*Try it*
Begin at the line that contains "1565 NE 11th St" and repeat every line from there to the end of the records below, inclusive, without adding any other line.

-=-=-=-=-

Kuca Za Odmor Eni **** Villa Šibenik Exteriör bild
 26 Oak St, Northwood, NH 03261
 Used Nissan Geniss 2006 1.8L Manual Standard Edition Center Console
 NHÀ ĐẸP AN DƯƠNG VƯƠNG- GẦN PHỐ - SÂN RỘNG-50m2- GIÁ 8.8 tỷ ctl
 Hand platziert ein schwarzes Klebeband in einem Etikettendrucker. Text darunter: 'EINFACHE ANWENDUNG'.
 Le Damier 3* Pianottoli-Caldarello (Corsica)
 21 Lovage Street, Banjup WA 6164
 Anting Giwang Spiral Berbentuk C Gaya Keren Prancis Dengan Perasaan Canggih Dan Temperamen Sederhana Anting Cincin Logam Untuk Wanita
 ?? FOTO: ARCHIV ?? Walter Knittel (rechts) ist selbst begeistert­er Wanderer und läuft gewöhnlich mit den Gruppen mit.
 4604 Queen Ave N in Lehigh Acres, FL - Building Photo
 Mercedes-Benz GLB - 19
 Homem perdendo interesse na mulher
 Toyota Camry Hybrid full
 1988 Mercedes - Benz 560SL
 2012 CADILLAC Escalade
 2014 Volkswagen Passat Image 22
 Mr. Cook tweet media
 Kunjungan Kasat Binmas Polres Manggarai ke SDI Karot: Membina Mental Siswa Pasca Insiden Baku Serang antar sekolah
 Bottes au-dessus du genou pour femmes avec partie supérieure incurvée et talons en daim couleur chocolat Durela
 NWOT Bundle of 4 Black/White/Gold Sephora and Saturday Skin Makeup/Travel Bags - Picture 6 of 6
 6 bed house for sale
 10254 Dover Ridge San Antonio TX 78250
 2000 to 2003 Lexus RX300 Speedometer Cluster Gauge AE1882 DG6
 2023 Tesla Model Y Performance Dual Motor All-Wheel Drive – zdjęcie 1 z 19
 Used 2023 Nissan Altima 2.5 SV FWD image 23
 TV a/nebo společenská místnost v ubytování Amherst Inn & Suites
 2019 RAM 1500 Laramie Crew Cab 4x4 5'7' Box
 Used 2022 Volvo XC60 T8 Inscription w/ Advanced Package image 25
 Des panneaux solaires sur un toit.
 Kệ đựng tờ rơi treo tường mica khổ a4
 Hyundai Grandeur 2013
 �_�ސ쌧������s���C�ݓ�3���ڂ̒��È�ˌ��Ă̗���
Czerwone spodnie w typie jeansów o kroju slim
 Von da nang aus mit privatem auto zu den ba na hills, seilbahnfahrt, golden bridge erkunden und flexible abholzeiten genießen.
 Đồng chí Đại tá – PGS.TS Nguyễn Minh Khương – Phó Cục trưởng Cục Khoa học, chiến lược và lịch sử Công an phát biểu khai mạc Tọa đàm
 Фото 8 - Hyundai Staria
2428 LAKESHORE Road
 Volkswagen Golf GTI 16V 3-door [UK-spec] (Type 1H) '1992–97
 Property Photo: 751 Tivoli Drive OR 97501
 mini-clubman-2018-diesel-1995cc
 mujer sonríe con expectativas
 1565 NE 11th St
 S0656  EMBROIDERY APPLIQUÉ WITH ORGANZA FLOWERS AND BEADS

-=-=-=-=-

*Answer section*
 1565 NE 11th St
 S0656  EMBROIDERY APPLIQUÉ WITH ORGANZA FLOWERS AND BEADS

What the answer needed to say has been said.